Eine anzügliche Bemerkung, ein aufdringlicher Blick ins Dekolletee, ein Po-Grapscher – einige der leichteren Varianten, mit denen Frauen sich täglich in Kneipen, Unternehmen oder der U-Bahn konfrontiert sehen. Meistens schweigen sie, sagt Schauspielerin Nina Brandhoff. Vor allem, wenn es um schlimmere Dinge geht.
"Das ist eben das, was die Täter zumeist wissen, dass die Opfer sich schämen, dass sie Angst haben und aus diesem Grund nichts sagen und das gibt diesen den Nährboden, da weiter zu machen und das müsste sich ändern." Nina Brandhoff, Schauspielerin
Ein erster Schritt für Betroffene - doch ein langer Weg für die Gesellschaft
Nina Brandhoff war selbst Opfer eines sexuellen Übergriffs. Ein Fotograf hat sie bedrängt, Oben-ohne-Fotos zu machen, ihr das T-Shirt hochgezogen – erst 20 Jahre später erzählte sie ihre Geschichte. Eine Kampagne wie "#MeToo" kann Frauen ermutigen, sofort zu reagieren, schnell an die Öffentlichkeit und vielleicht sogar zur Polizei zu gehen. Aber – das genügt nicht, sagt Paula-Irene Villa, Professorin für Gender-Studies an der Ludwig-Maximilian-Universität in München.

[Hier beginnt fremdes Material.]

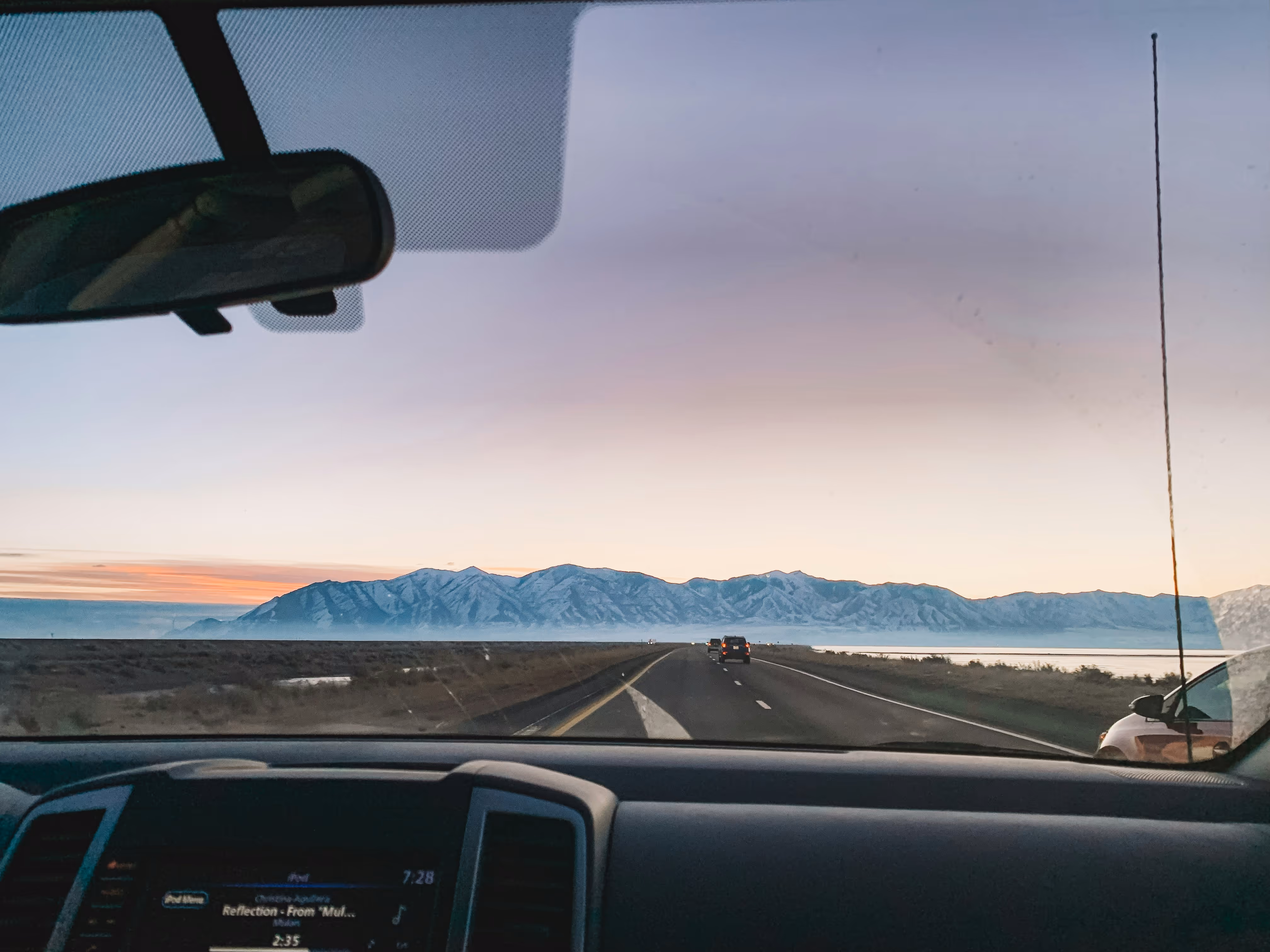 View through car windshield of highway leading to snow-capped mountains at sunset.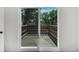 Sliding glass doors lead to a wooden deck with a view of trees and neighborhood at 9605 Carr St, Broomfield, CO 80021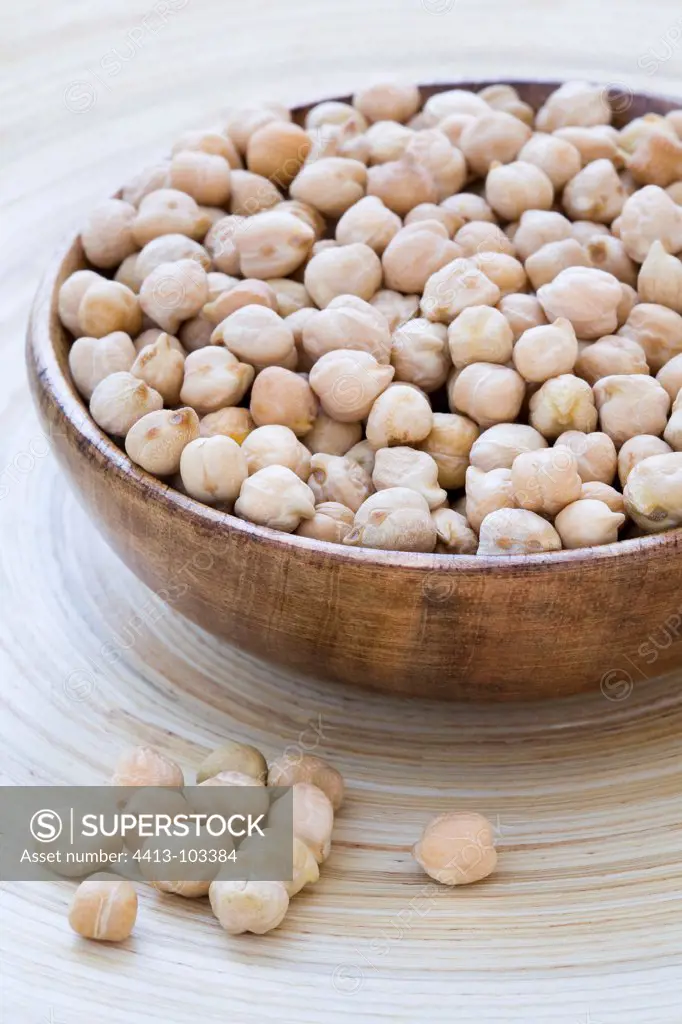 Chickpeas in a wooden bowl on a wooden tray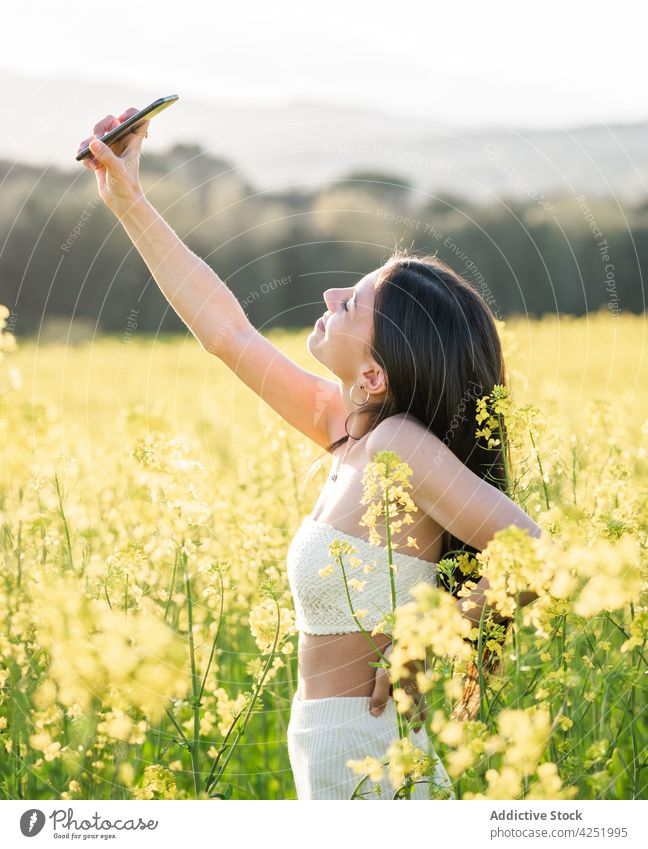 Happy woman taking selfie on blooming field content smile smartphone take photo countryside meadow flower self portrait photography moment mobile lifestyle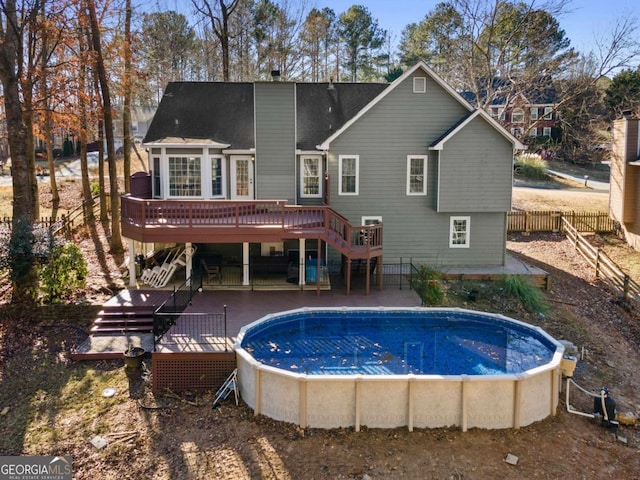 rear view of property featuring a pool side deck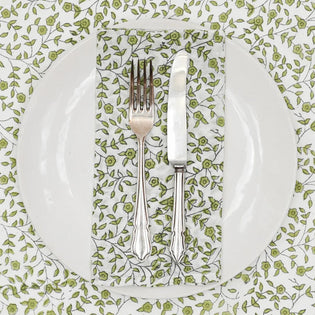  green floral napkin with a set of cutlery ontop under a plate and ontop of a floral table cloth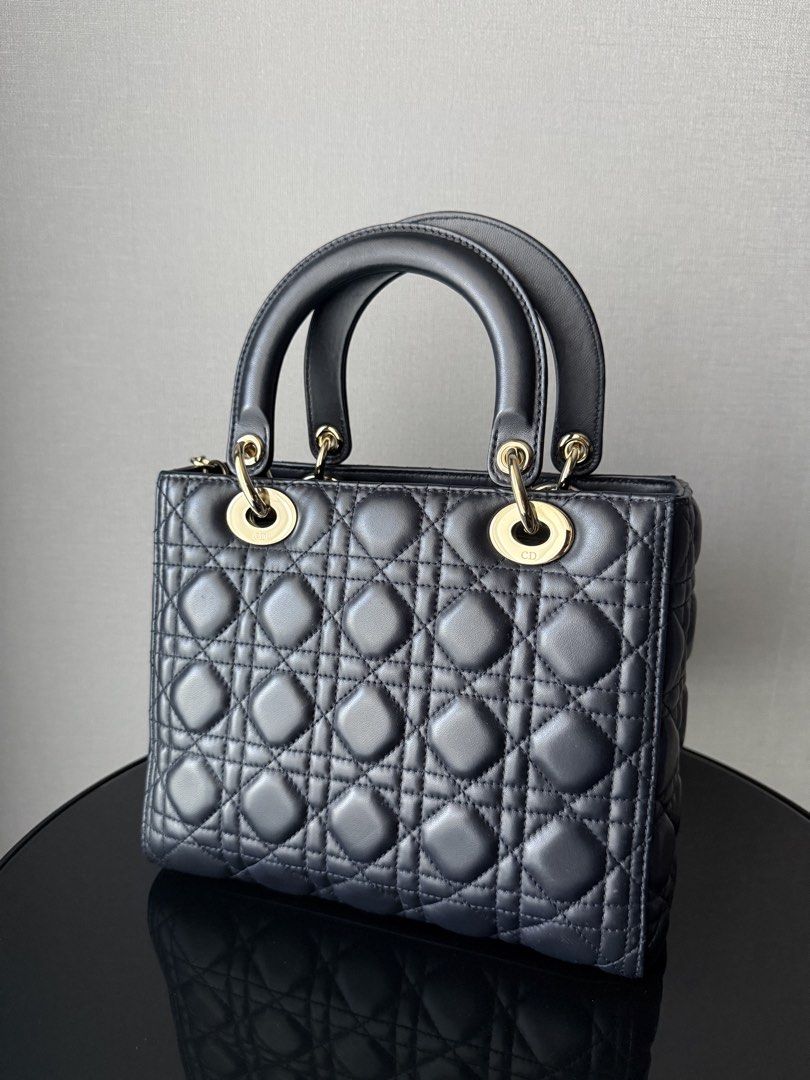 Lady Dior Medium (Category: Luxury Bags & Wallets) located in Quezon City. Submitted by revive.co (Listing ID 1436810531, Image 3). Description: Lady Dior Medium GHW Navy Blue good condition. with signs of usage. zippered version (2019) free bag liner 100% authentic.
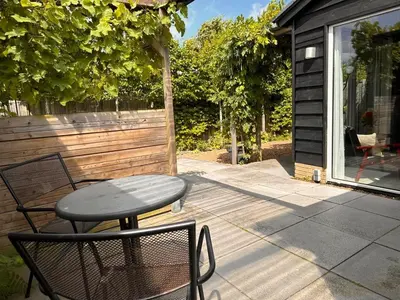 a patio with a table and chairs on a porch at Coast Holiday Appartements in Dirkshorn
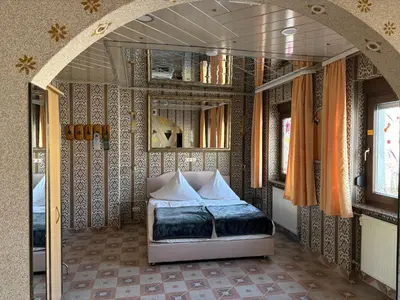 Ein Bett oder Betten in einem Zimmer der Unterkunft Central Hotel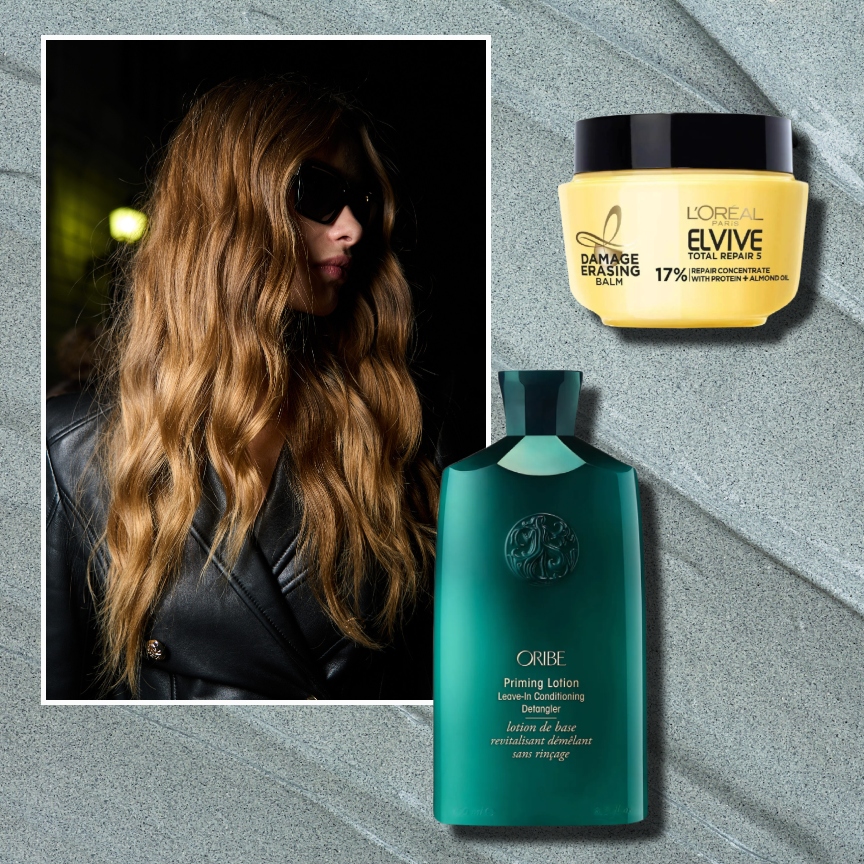 a woman with brown wavy hair and sunglasses on a slate green background with two bottles of leave-in conditioner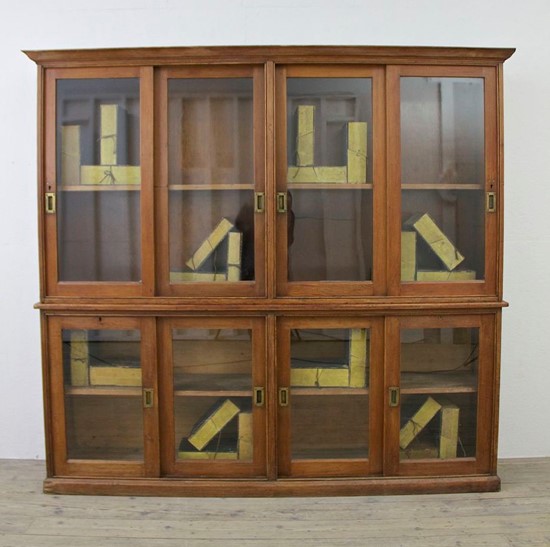 A C19th glazed pine cabinet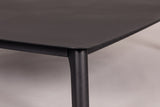 Close-up of the Brucoli table: the rounded corner of the solid aluminum top, the rail and the top of a tapered leg in matte black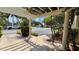 Exterior courtyard with pergola, showcasing well-maintained landscaping and a view of the parking area at 1948 Lake Atriums Cir # 113, Orlando, FL 32839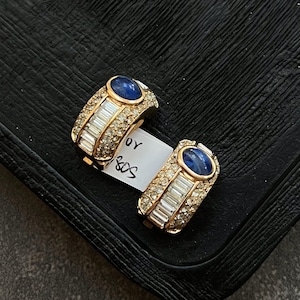 May include: A pair of gold hoop earrings with a blue oval stone and clear crystal accents. The earrings are on a black surface with a white tag that says "S&S 40".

Ihr Ansatz:
"Dass es nicht mehr wesentlich darum geht, Frauen dafür zu sensibilisieren und sie dazu anzuhalten, in der Erziehung, im Alltag – was wir Frauen schon lange kennen, nicht zu kurz der Rock, nicht zu spät nachts, nicht zu dunkel, da aufpassen, den Drink nicht irgendwie abstellen, also all diese Vorsichtsmaßnahmen – aber jetzt geht es doch darum, die Männer, die potentielle Täter sind, statistisch gesehen und tatsächlich, dass die auch Problembewusstsein entwickeln, dass es auch mit ihrem eigenen Verhalten zu tun hat – also change the boys und nicht mehr nur protect the women." Paula-Irene Villa, Professorin für Gender-Studies
Für Paula-Irene Villa fängt das schon bei der Erziehung an, dem Umgang zwischen Mädchen und Jungen in der Schule, in Vereinen. Damit sie früh lernen, Geschlechterrollen aufzubrechen, Grenzen zu respektieren – Stichwort: Nein heißt nein. Aber:
"Darüber hinaus haben wir schon auch noch viel damit zu tun, dass Frauen in den Medien, in der Öffentlichkeit, in der Werbung, in der Konsumwelt, in Witzen, in Serien nach wie vor vielfach als hübsche Objekte, um es freundlich zu sagen, und nicht zu sagen als scharfes Fleisch, um egal was zu verkaufen – also das, was wir Verobjektivierung nennen, zum Objekt gemacht werden, zum sexy Objekt – auch daran könnte sich sicher noch was ändern, an die Werbung hingesprochen." Paula-Irene Villa, Professorin für Gender-Studies
Gesellschaftlich akzeptierte Anzüglichkeiten
Wie müsste eine Gesellschaft aussehen, in der Frauen offen Anzüglichkeiten und Sexismus anprangern können?
"Es müsste weniger hierarchische Strukturen geben, also Stichwort Frauenquote – in allen Entscheidungsgremien der Gesellschaft sollten Frauen eine feste Größe haben, finde ich – das würde wahrscheinlich einiges erheblich verbessern." Schauspielerin Nina Brandhoff
Die Kampagne "#MeToo" ist sicher ein Schritt in die richtige Richtung, ein Signal. Allerdings: Für Soziologin Paula-Irene Villa ist klar, dass in Sachen Aufschrei gegen sexuelle Belästigungen am Ende nur ein langer Atem helfen wird.